> _PROBLEM DESCRIPTION_: Keep the pictures out of the copy and repeat the records exactly.

> _MATERIAL SUPPLIED_:
BEGIN
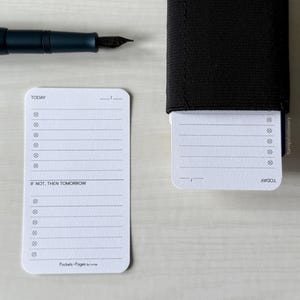 May include: A black fountain pen rests near two white notepads with rounded corners. One notepad is loose, the other is in a black elastic holder. The notepads have lines and checkboxes, with the text "TODAY" and "IF NOT, THEN TOMORROW".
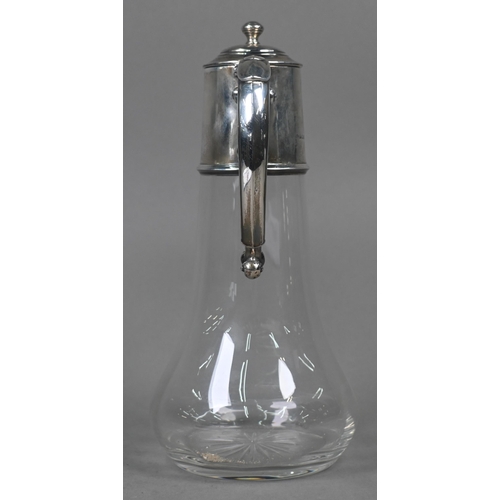 107 - A glass claret jug with star-cut base and silver collar, hinged cover and scroll handle, William Hut... 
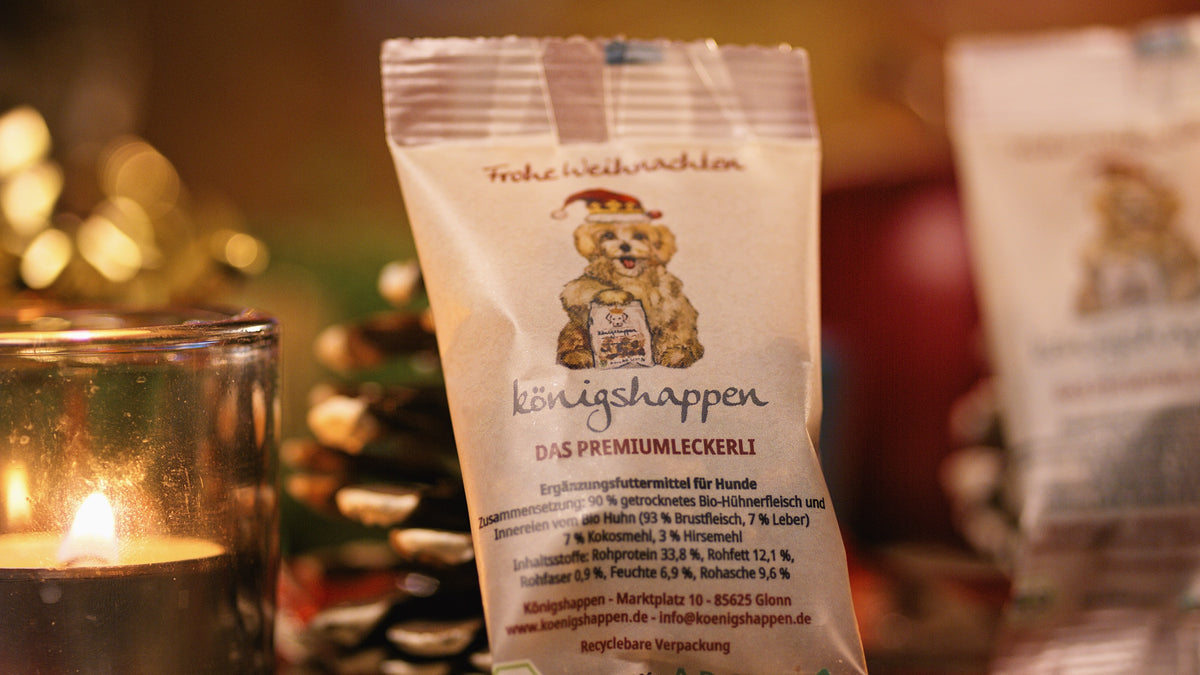 Königshappen Weihnachtsedition – 10-g-Päckchen mit Nikolausmütze-Hund vor Kerze und Tannenzapfen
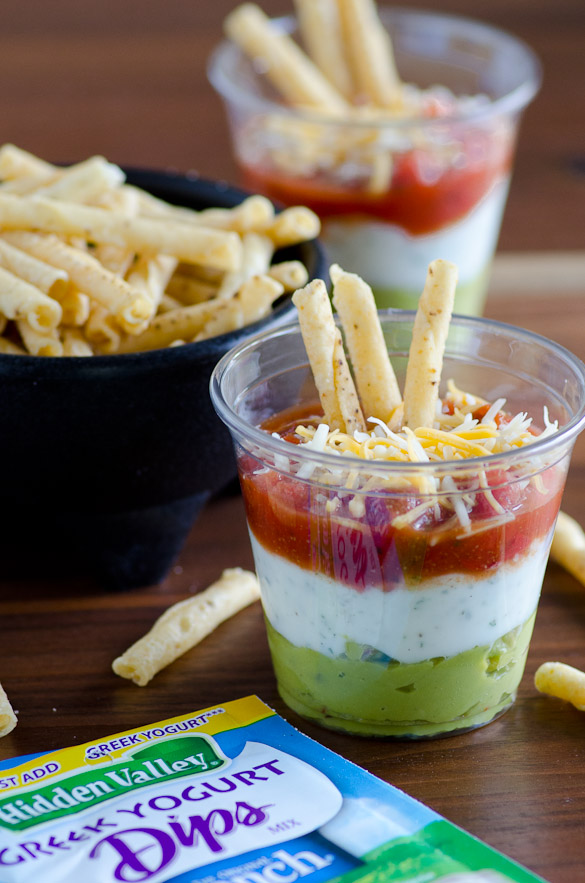 Layered Fiesta Dip with Greek Yogurt Ranch - use store-bought guacamole, salsa and Hidden Valley dry ranch mix for this very easy and convenient layered dip that's pretty, too!.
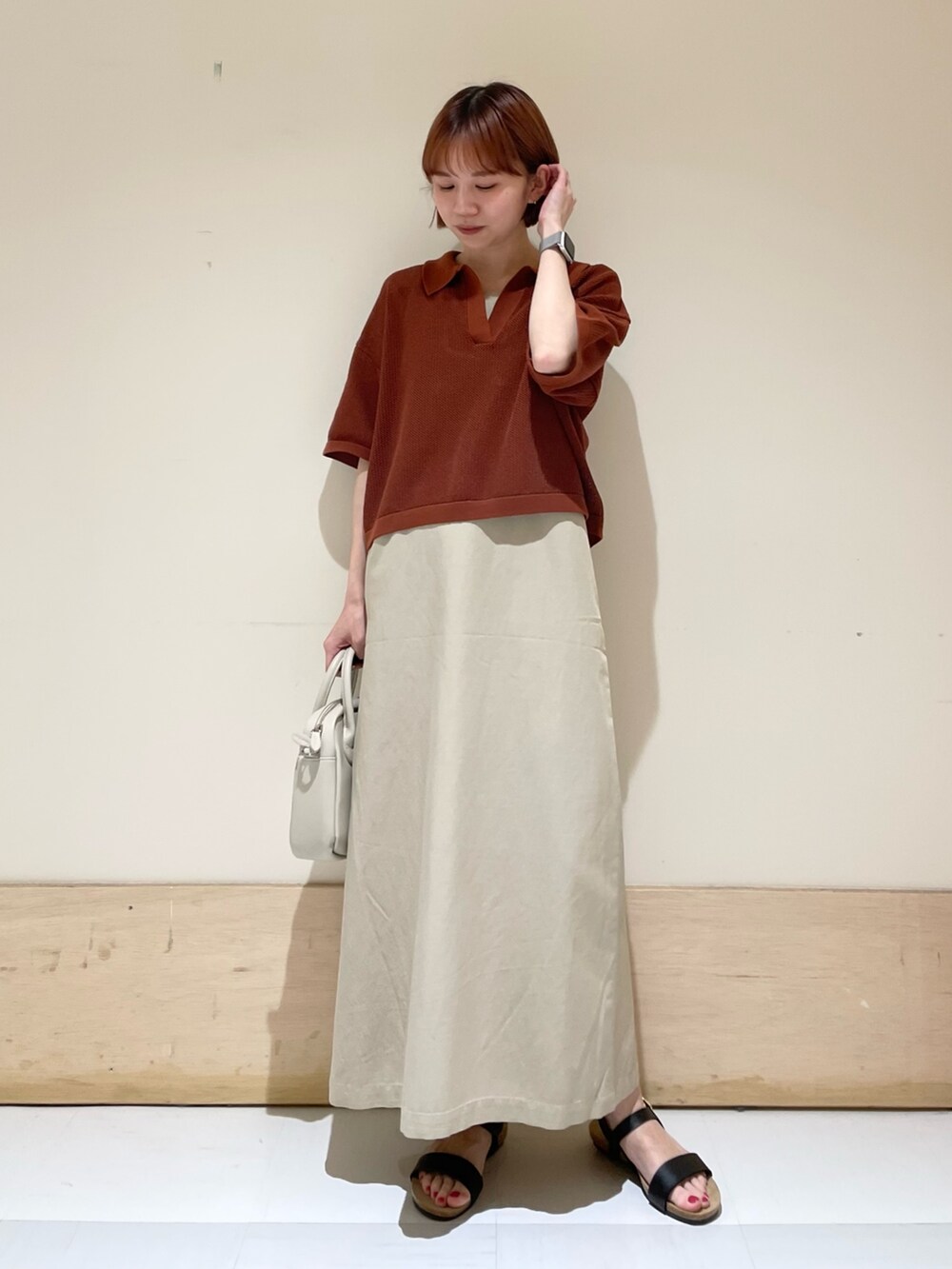 ベージュ系のワンピース、ブラック系のサンダル、ベージュ系のショルダーバッグを着用したレディースの春コーディネートの2枚目の写真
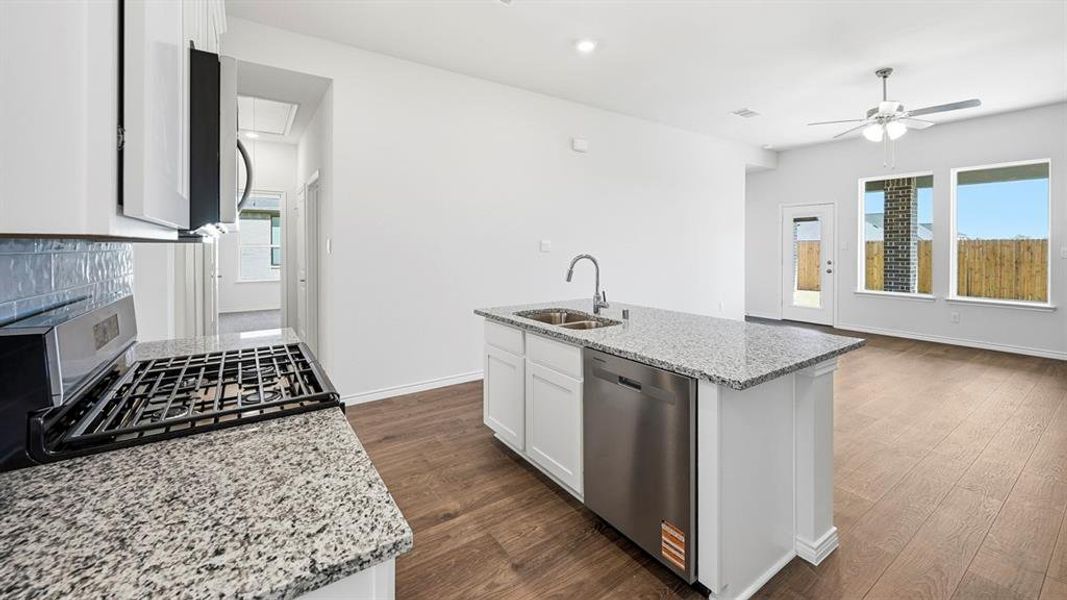 Kitchen with light stone counters, white cabinets, appliances with stainless steel finishes, dark wood-style floors, and a center island with sink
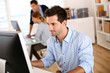 Man in office working on desktop computer
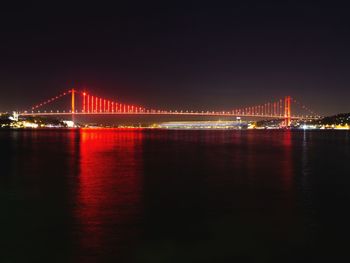 Illuminated bridge over river at night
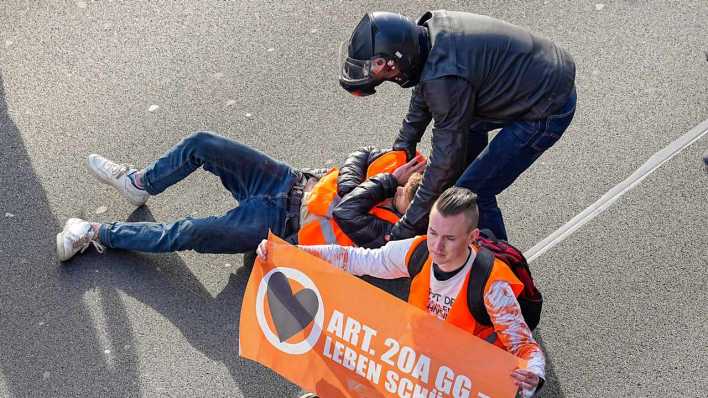 Die Klimaaktivisten blockieren mit Bannern die Fahrbahn, einige haben sich festgeklebt. Aufgebrachte Verkehrsteilnehmer, die durch die Aktivisten aufgehalten werden greifen ein und versuchen die Protestler von der Straße zu holen.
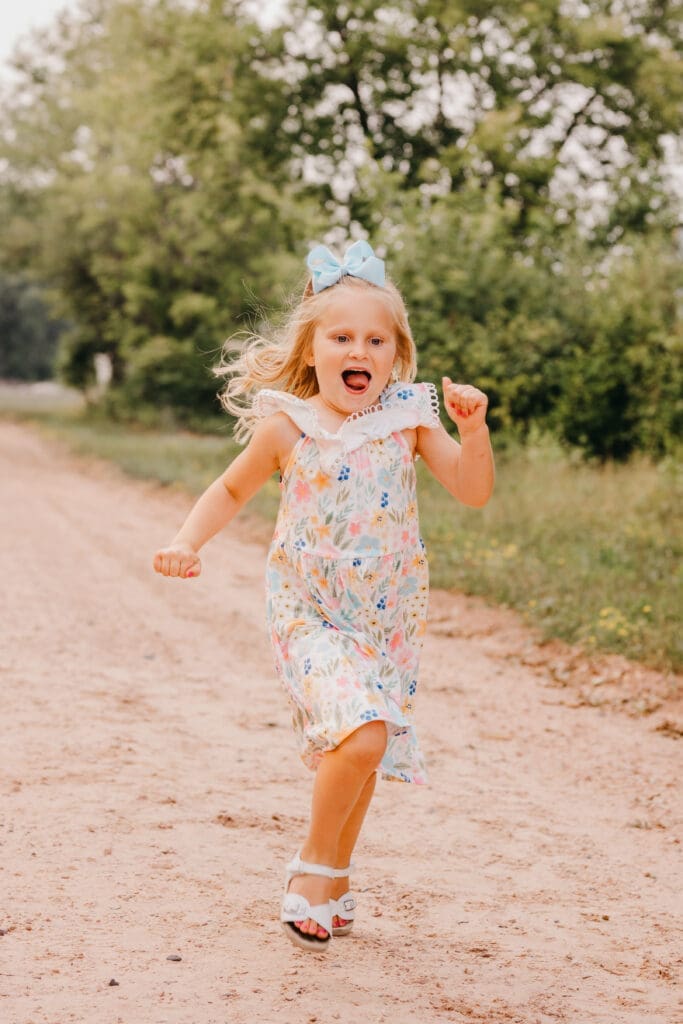 Children running and playing outdoors during a family photography session with motion frozen using a fast shutter speed.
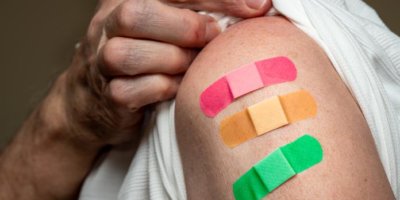 Alte Person zieht seinen Ärmel hoch und zeigt drei farbige Pflaster von Impfungen auf dem Oberarm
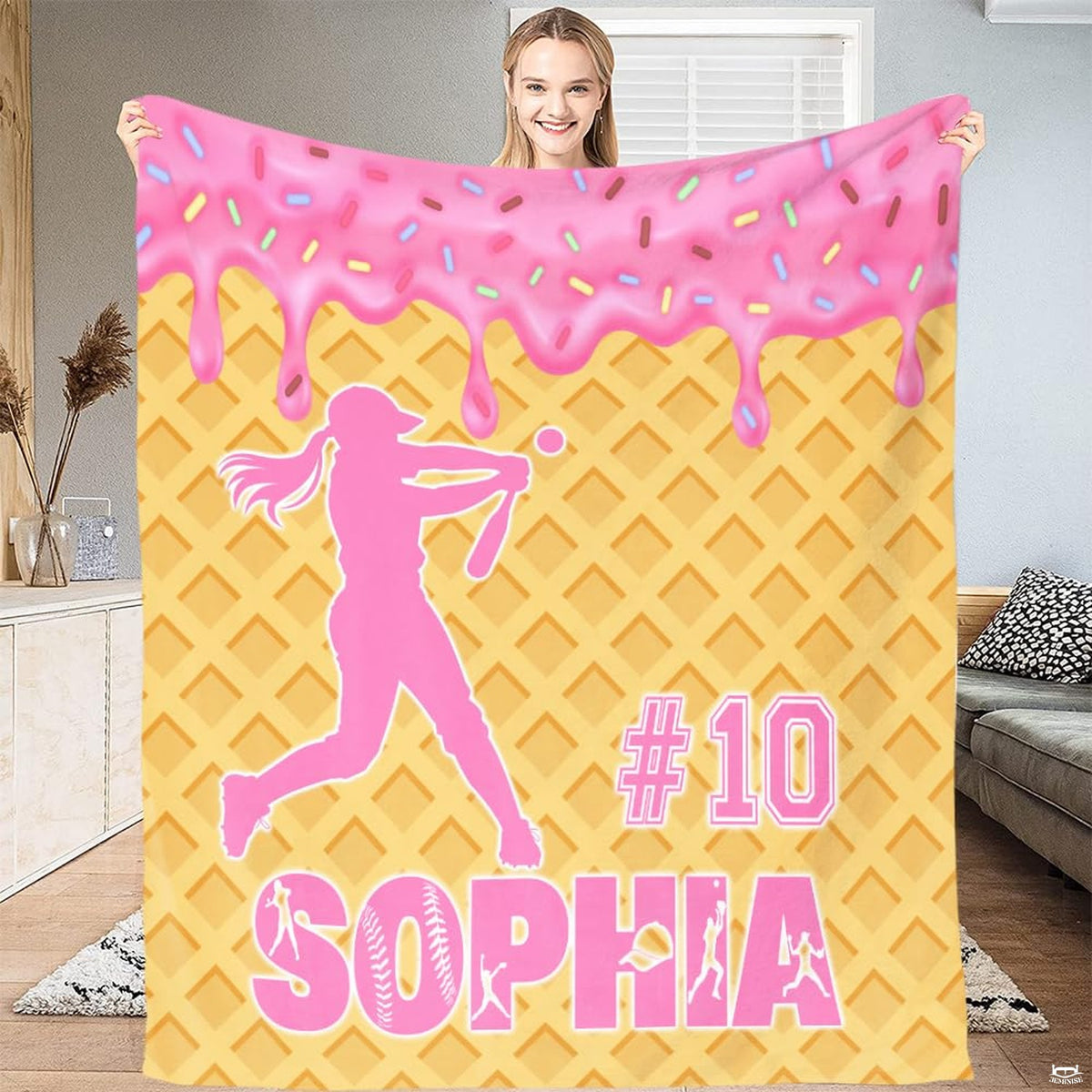 Athletic softball batter mid-swing over waffle cone pattern with dripping pink frosting and multicolored sprinkles.
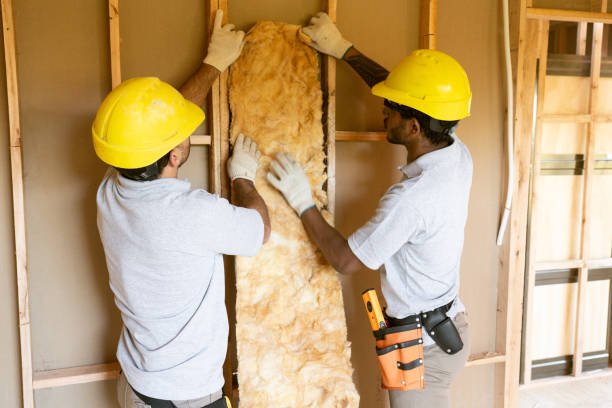 Construction workers fitting insulation in frame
END
> _EXERCISE RESPONSE_:
 May include: A black fountain pen rests near two white notepads with rounded corners. One notepad is loose, the other is in a black elastic holder. The notepads have lines and checkboxes, with the text "TODAY" and "IF NOT, THEN TOMORROW".
 107 - A glass claret jug with star-cut base and silver collar, hinged cover and scroll handle, William Hut... 
 Königshappen Weihnachtsedition – 10-g-Päckchen mit Nikolausmütze-Hund vor Kerze und Tannenzapfen
 Layered Fiesta Dip with Greek Yogurt Ranch - use store-bought guacamole, salsa and Hidden Valley dry ranch mix for this very easy and convenient layered dip that's pretty, too!.
 ベージュ系のワンピース、ブラック系のサンダル、ベージュ系のショルダーバッグを着用したレディースの春コーディネートの2枚目の写真
 Kitchen with light stone counters, white cabinets, appliances with stainless steel finishes, dark wood-style floors, and a center island with sink
 Man in office working on desktop computer
 Illuminated bridge over river at night
 Die Klimaaktivisten blockieren mit Bannern die Fahrbahn, einige haben sich festgeklebt. Aufgebrachte Verkehrsteilnehmer, die durch die Aktivisten aufgehalten werden greifen ein und versuchen die Protestler von der Straße zu holen.
 Children running and playing outdoors during a family photography session with motion frozen using a fast shutter speed.
 Alte Person zieht seinen Ärmel hoch und zeigt drei farbige Pflaster von Impfungen auf dem Oberarm
 Athletic softball batter mid-swing over waffle cone pattern with dripping pink frosting and multicolored sprinkles.
 Construction workers fitting insulation in frame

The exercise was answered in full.